(Caption-style text data)
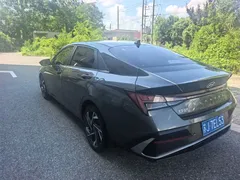 2023 Hyundai Elantra 1.5L CVT LUX Premium — фото 5
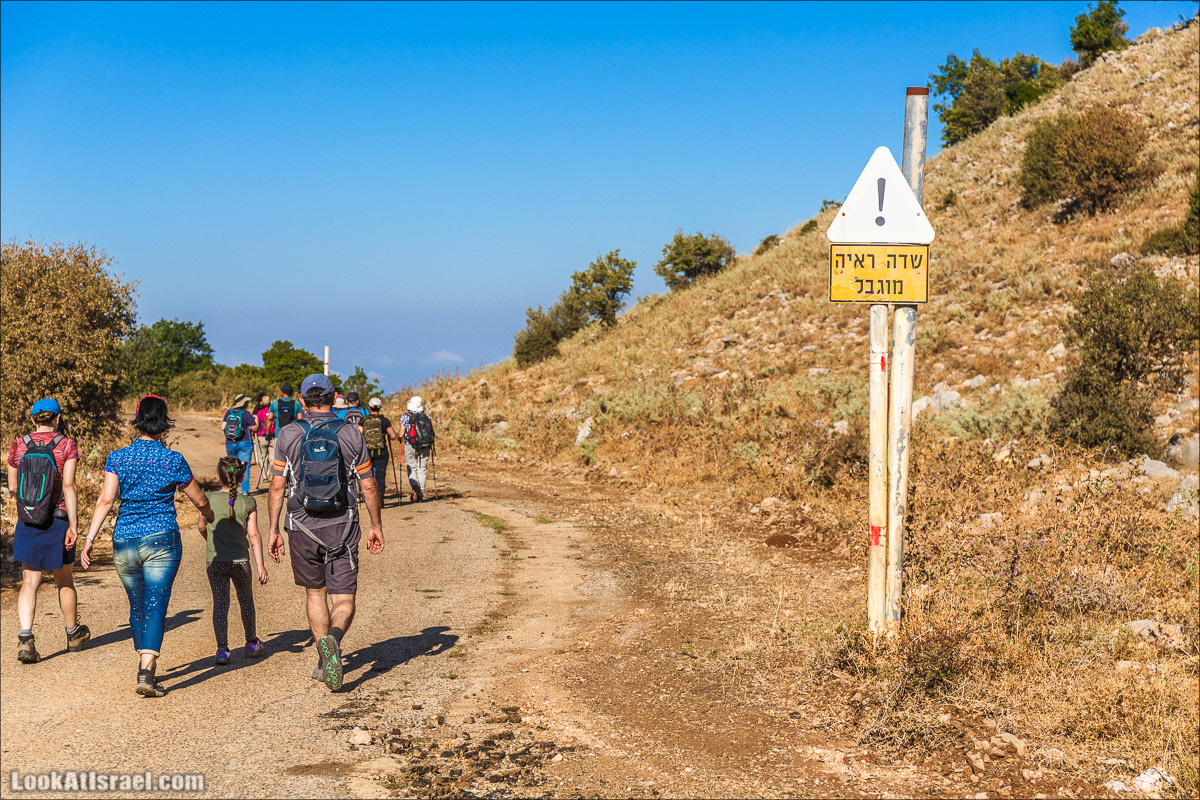 От Хермона к Неве Атив - гора Кахаль, Снаим, итурейский храм и пещеры свинцовой руды LookAtIsrael.com - Фото путешествия по Израилю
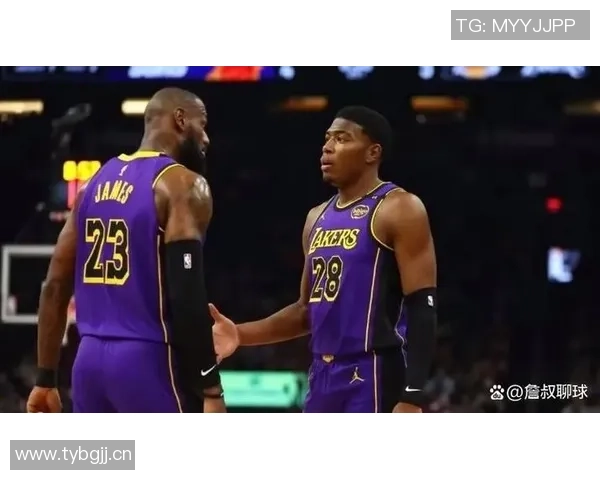 女球迷疑似骚扰湖人球员被保安驱逐老詹淡定剪指甲继续观赛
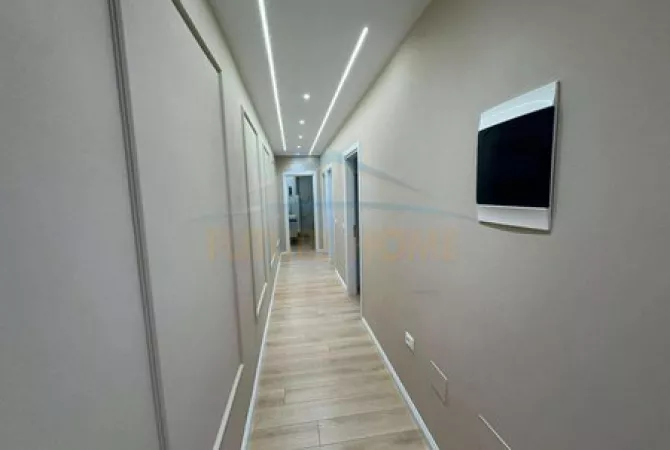 Shtepi ne shitje Apartament ne Tirane, 2+1, Mobilimi E mobiluar, Pagesa 250,000  Euro.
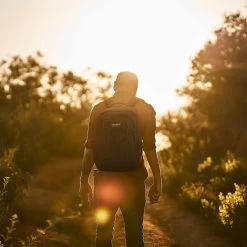 Koelrugtas - 23L - Wandelrugzak - Dagrugzak - Outdoor Rugzak - Dames & Heren - Zwart -Kampeerclub 1200x1200 903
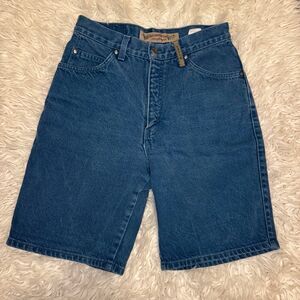 Vintage Levi’s 900 Series Mom Jeans Shorts Blue Jeans 100% Cotton Size 9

**REQUIRED WORK:** Print, without pictures, exactly the lines from the one containing "女球迷疑似骚扰湖人球员被保安驱逐老詹淡定剪指甲继续观赛" through the final line of the records above.

**EXERCISE RESPONSE:**
 女球迷疑似骚扰湖人球员被保安驱逐老詹淡定剪指甲继续观赛
 Shtepi ne shitje Apartament ne Tirane, 2+1, Mobilimi E mobiluar, Pagesa 250,000  Euro.
 Koelrugtas - 23L - Wandelrugzak - Dagrugzak - Outdoor Rugzak - Dames & Heren - Zwart -Kampeerclub 1200x1200 903
 Vintage Levi’s 900 Series Mom Jeans Shorts Blue Jeans 100% Cotton Size 9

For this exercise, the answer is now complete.